═════ THE DATA
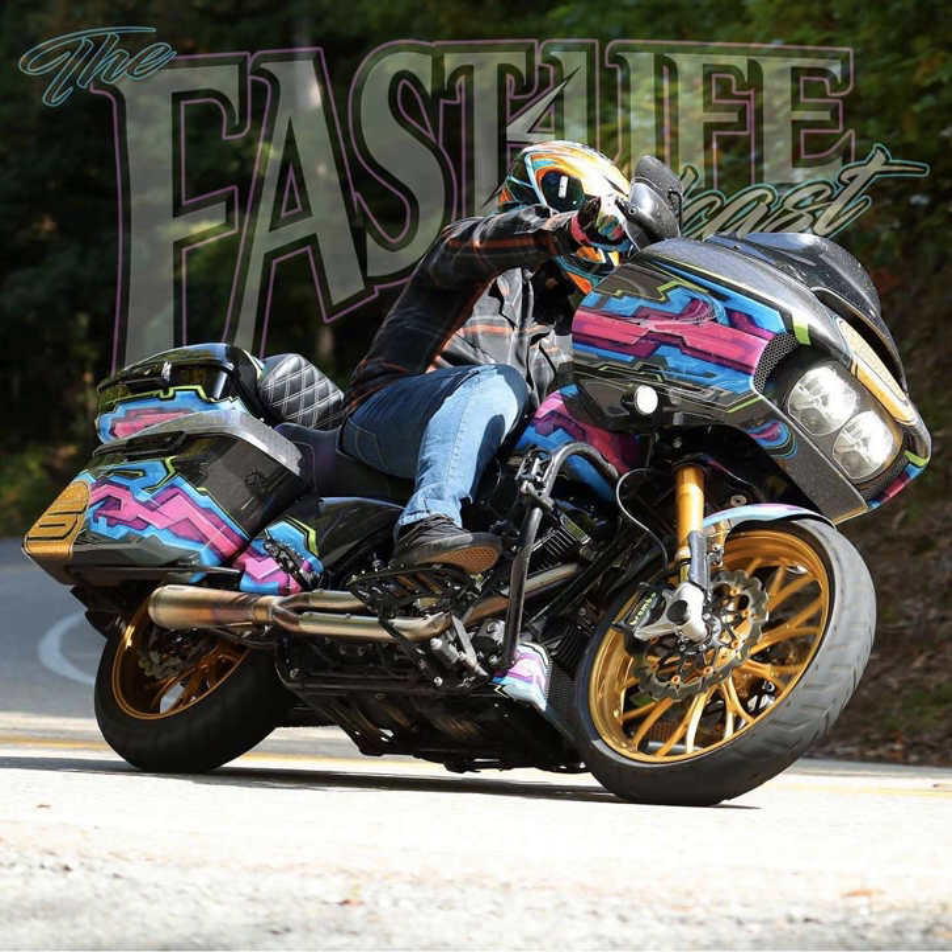Another helmet idea from Brian was a cockfighting theme, since Brian is Native American. The challenge was laying out the chickens on a round helmet without the composition looking awkward — hard to show the faces of both birds fighting without weird angles. Jeremy told him to put it on the back burner while he wraps his head around the design, and they shifted to the cancel culture helmet instead. He plans to hand-paint about 90 percent of it.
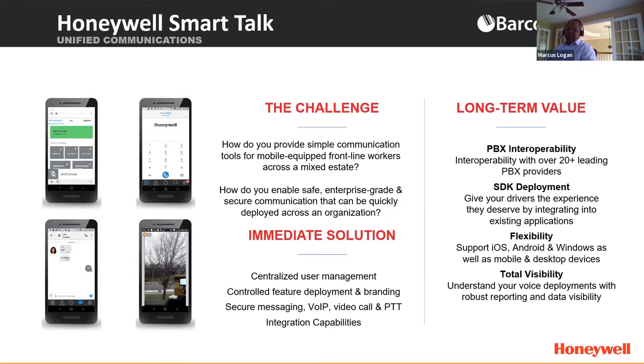The long-term value includes being able to leverage existing communication technology such as a PBX — seamless integration and interoperability with existing PBX systems. You can leverage an SDK to deploy the solution into existing applications for two-way communication. The solution is essentially device agnostic — it can run on Honeywell Android devices, iOS devices, as well as Windows desktops and laptops, providing full unified communication across all these devices.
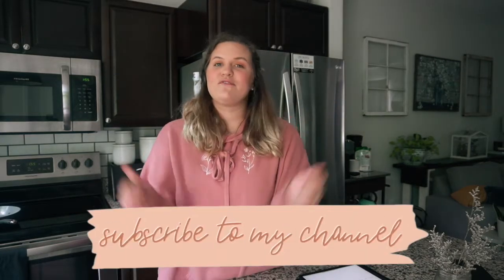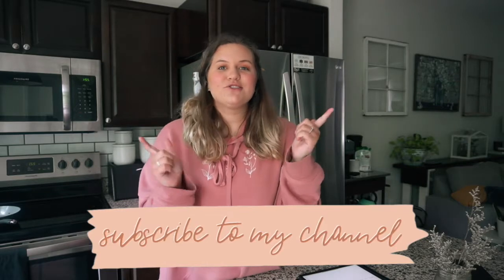If you guys are new here I would love it if you'd subscribe to my channel down below. I'd love it if you'd give this video a thumbs up and also don't forget to follow me over on Instagram if you have not already, and let's go ahead and get started.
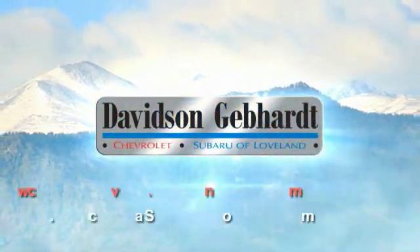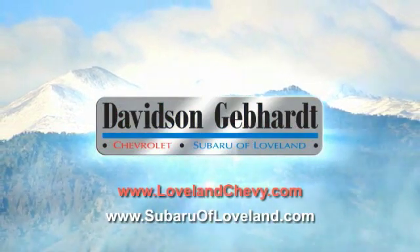Davidson Gebhardt Chevrolet and Subaru of Loveland are conveniently located right on I-25 and exit 259 in Loveland.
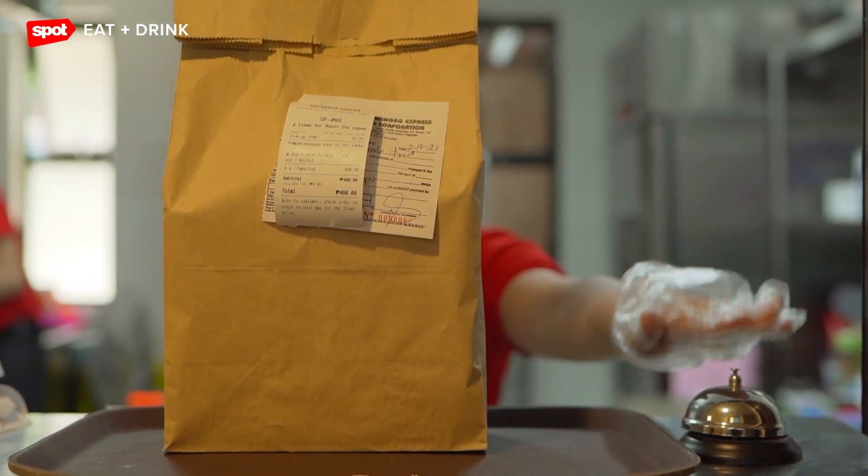With the rising demand of food delivery, especially during this pandemic, we're confident that Grab Kitchen will continue to grow and expand to more locations within this year.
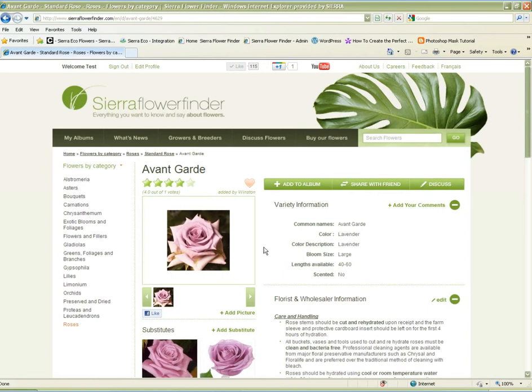With this site, we strongly believe that we're bringing retailers, farms and breeders closer together. By understanding the most current and newest selection of varieties, we're able to make better choices of the flowers we're bringing to consumers, and in doing so, we grow the business.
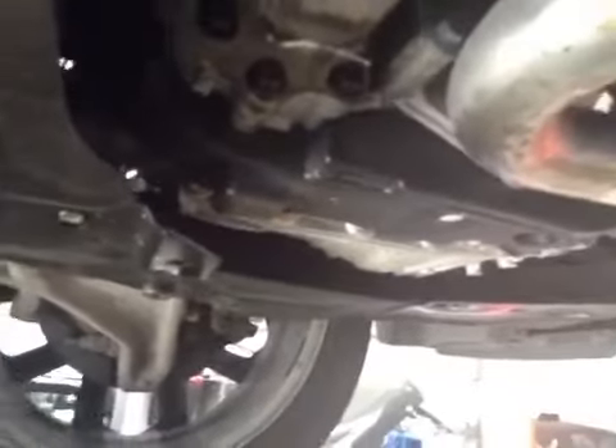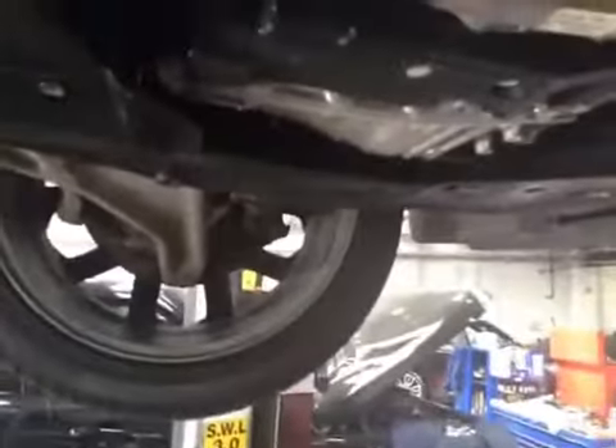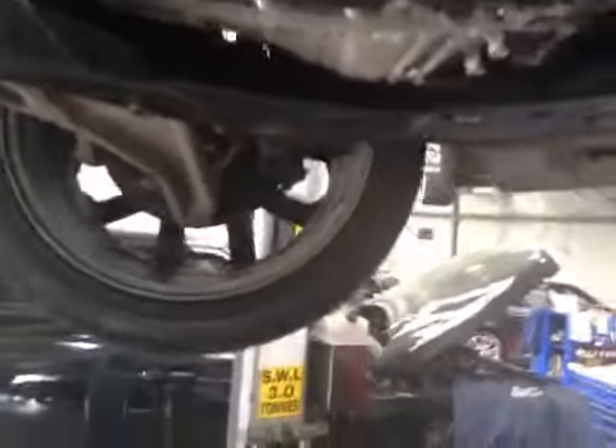Moving under the vehicle, you've mentioned an oil leak from the front of the vehicle. I've traced the oil leak between the transfer box and your automatic transmission — that will require removal and replacement of seals.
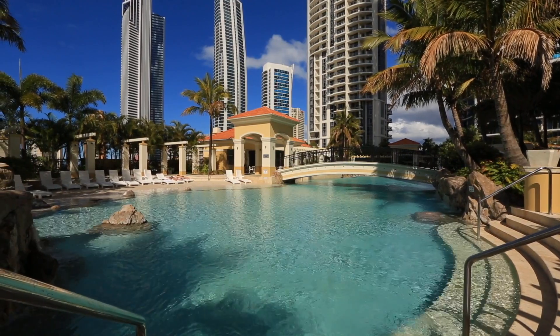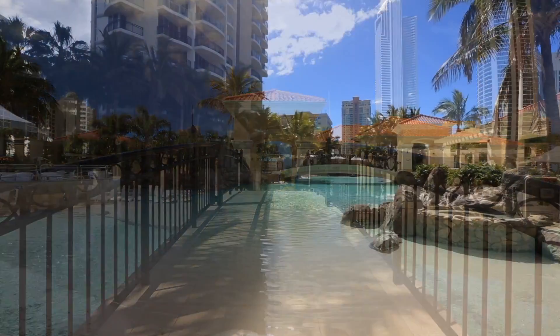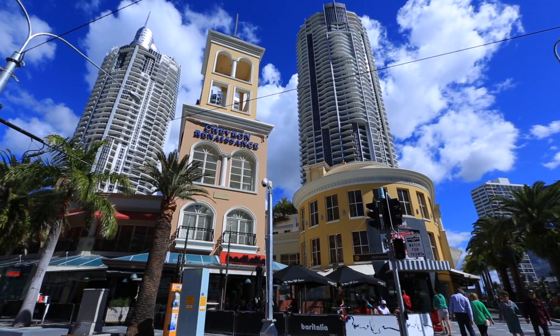Relax beside the beautiful lagoon pool and enjoy al fresco dining in stylish entertaining and barbecue areas. 2105 Chevron Renaissance, Surfers Paradise.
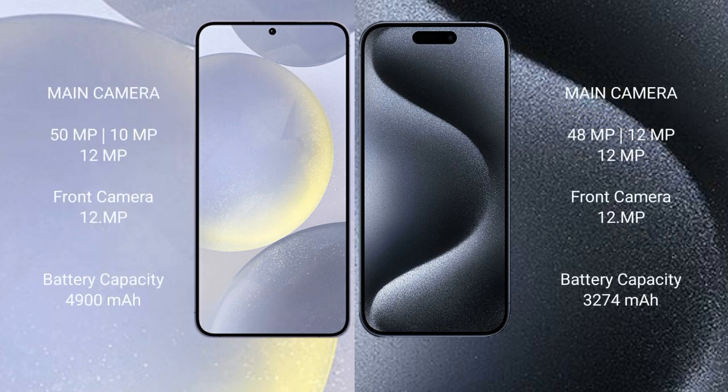Samsung Galaxy S24 Plus features a rear triple camera setup: 50MP plus 10MP plus 12MP, with a 12MP front camera. iPhone 15 Pro features a rear triple camera setup: 48MP plus 12MP plus 12MP, with a 12MP front camera.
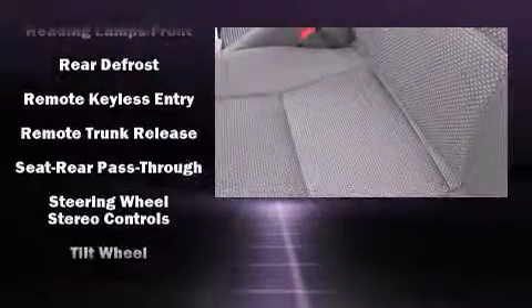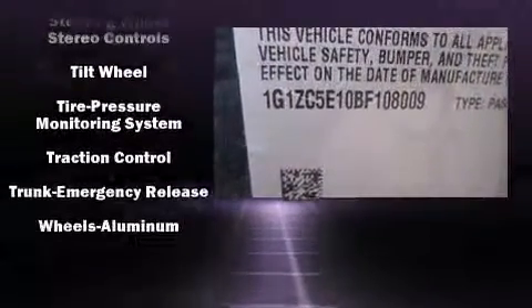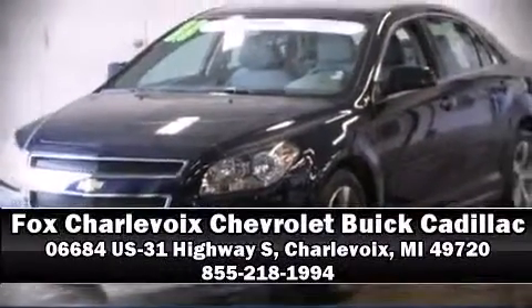A Carfax history report indicates just one previous owner. Our sales reps are extremely helpful and knowledgeable. Stop by our dealership or give us a call for more information.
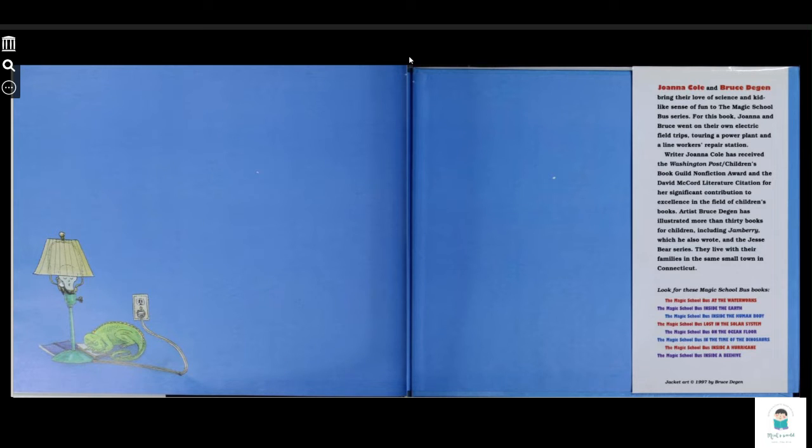Joanna Cole and Bruce Degen bring their love of science and kid-like sense of fun to the Magic School Bus series. For this book, Joanna and Bruce went on their own electric field trips, touring a power plant and a line workers' repair station. Writer Joanna Cole has received the Washington Post Children's Book Guild Nonfiction Award and the David McCall literature citation for a significant contribution to excellence in children's books. Artist Bruce Degen has illustrated more than 30 books for children, including Jim Henson, which he also wrote, and the Jazz Bear series.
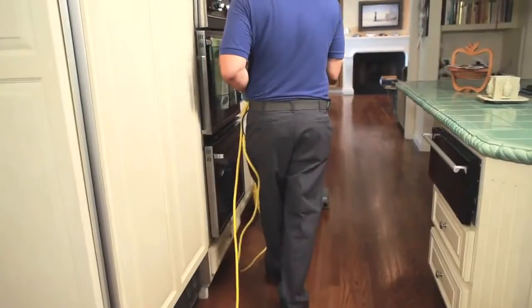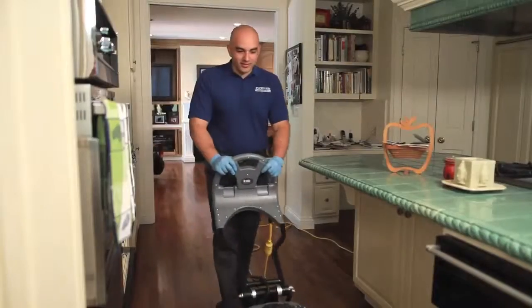Finally, we recoat the floor to create a uniform sheen with a gloss or satin finish — no sanding necessary.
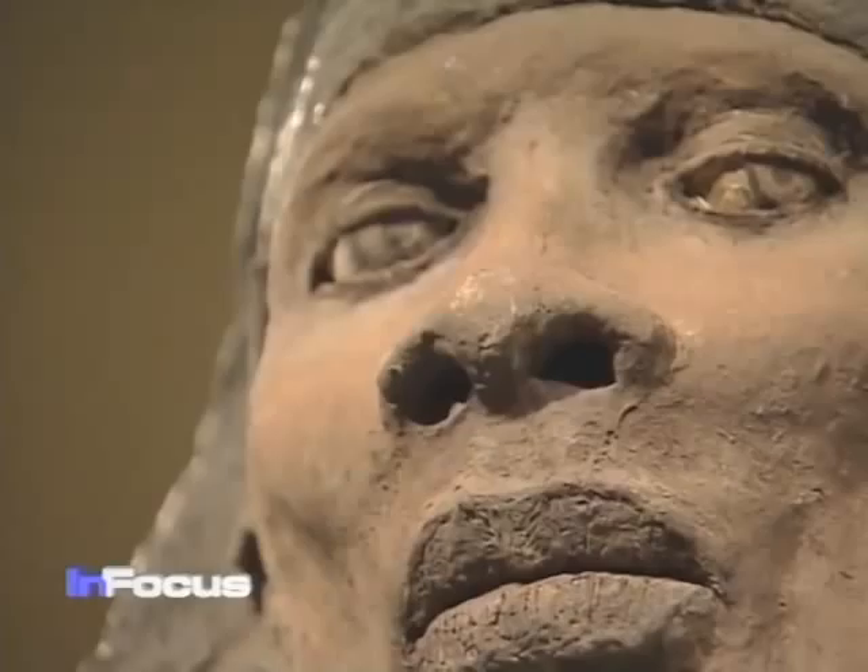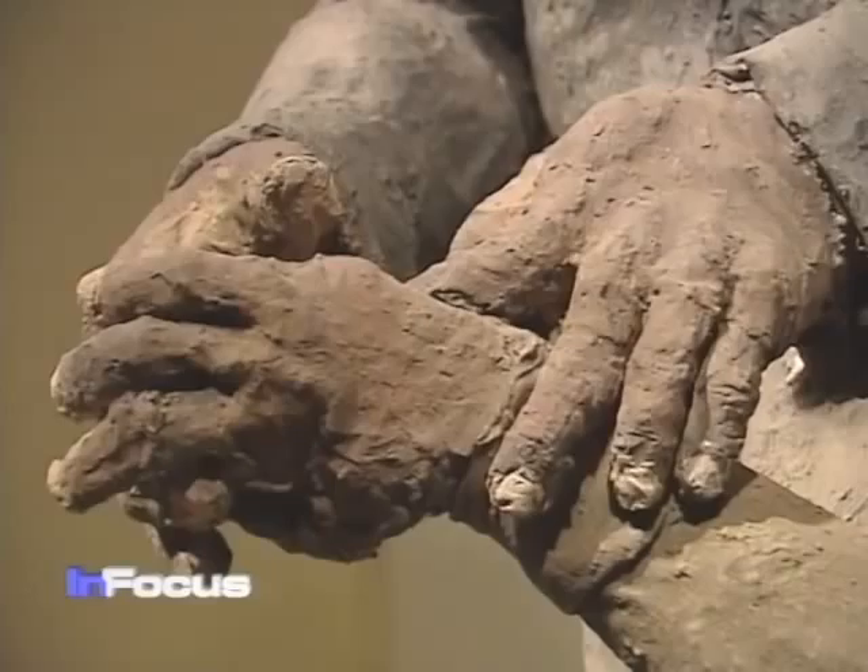It depicts the Haitian freedom fighter Toussaint Louverture at his moment of destiny. If you look in his eyes, this is a man who knows his destiny — to free Haiti from French domination and to free the individuals who have been enslaved in Haiti. It's that moment of determination and compassion as he rests his hand on the enslaved woman at his feet.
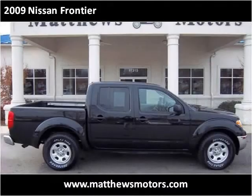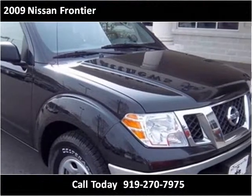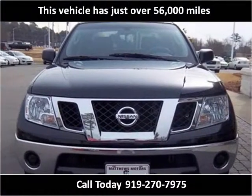This 2009 Nissan Frontier is available from Matthews Motors. This vehicle has just over 56,000 miles.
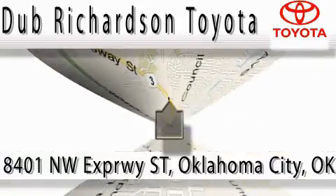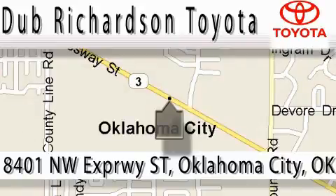At Dub Richardson, you're guaranteed an excellent experience every time, and reliability is just the Dub Richardson way of doing business. Come experience the Dub Richardson Toyota difference today. We're conveniently located at 8401 Northwest Expressway Street.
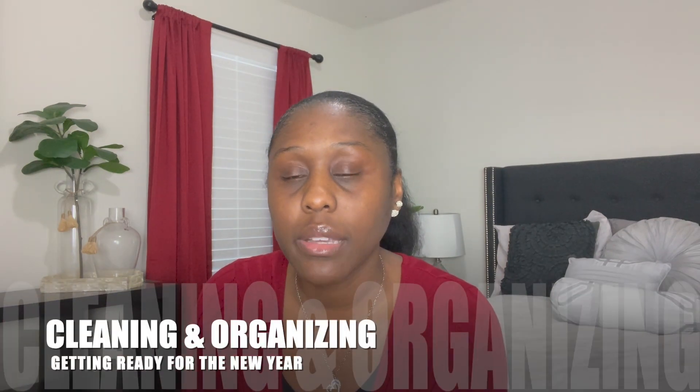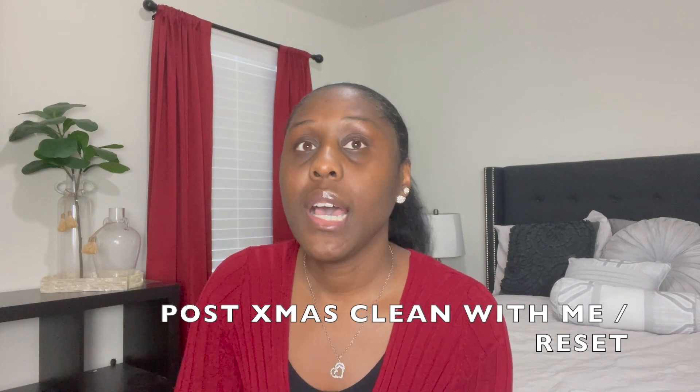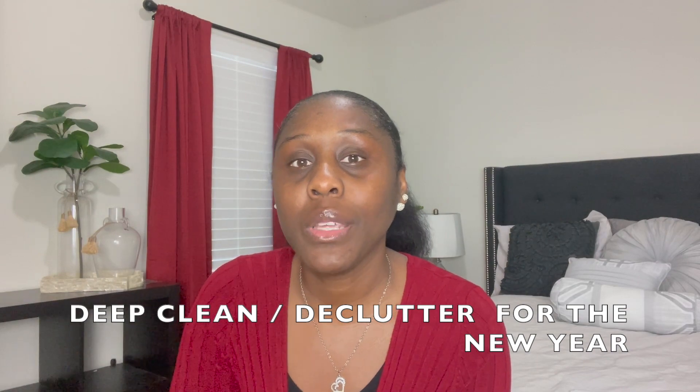Another thing is cleaning — doing some deep cleans. You have to clean up after Christmas is over: wash the dishes, and if you have company, clean up your guest rooms and things of that nature. While you're doing these things, pick up the camera and press record. You can do a deep cleaning and organizing your home for the new year — you don't want to take the clutter into the new year.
══════════
* _ACTIVITY_:
Print the lines from the beginning of the records up to and including the line containing "If you guys", word for word, with no pictures.

* _TASK RESULT_:
Another helmet idea from Brian was a cockfighting theme, since Brian is Native American. The challenge was laying out the chickens on a round helmet without the composition looking awkward — hard to show the faces of both birds fighting without weird angles. Jeremy told him to put it on the back burner while he wraps his head around the design, and they shifted to the cancel culture helmet instead. He plans to hand-paint about 90 percent of it.
The long-term value includes being able to leverage existing communication technology such as a PBX — seamless integration and interoperability with existing PBX systems. You can leverage an SDK to deploy the solution into existing applications for two-way communication. The solution is essentially device agnostic — it can run on Honeywell Android devices, iOS devices, as well as Windows desktops and laptops, providing full unified communication across all these devices.
If you guys are new here I would love it if you'd subscribe to my channel down below. I'd love it if you'd give this video a thumbs up and also don't forget to follow me over on Instagram if you have not already, and let's go ahead and get started.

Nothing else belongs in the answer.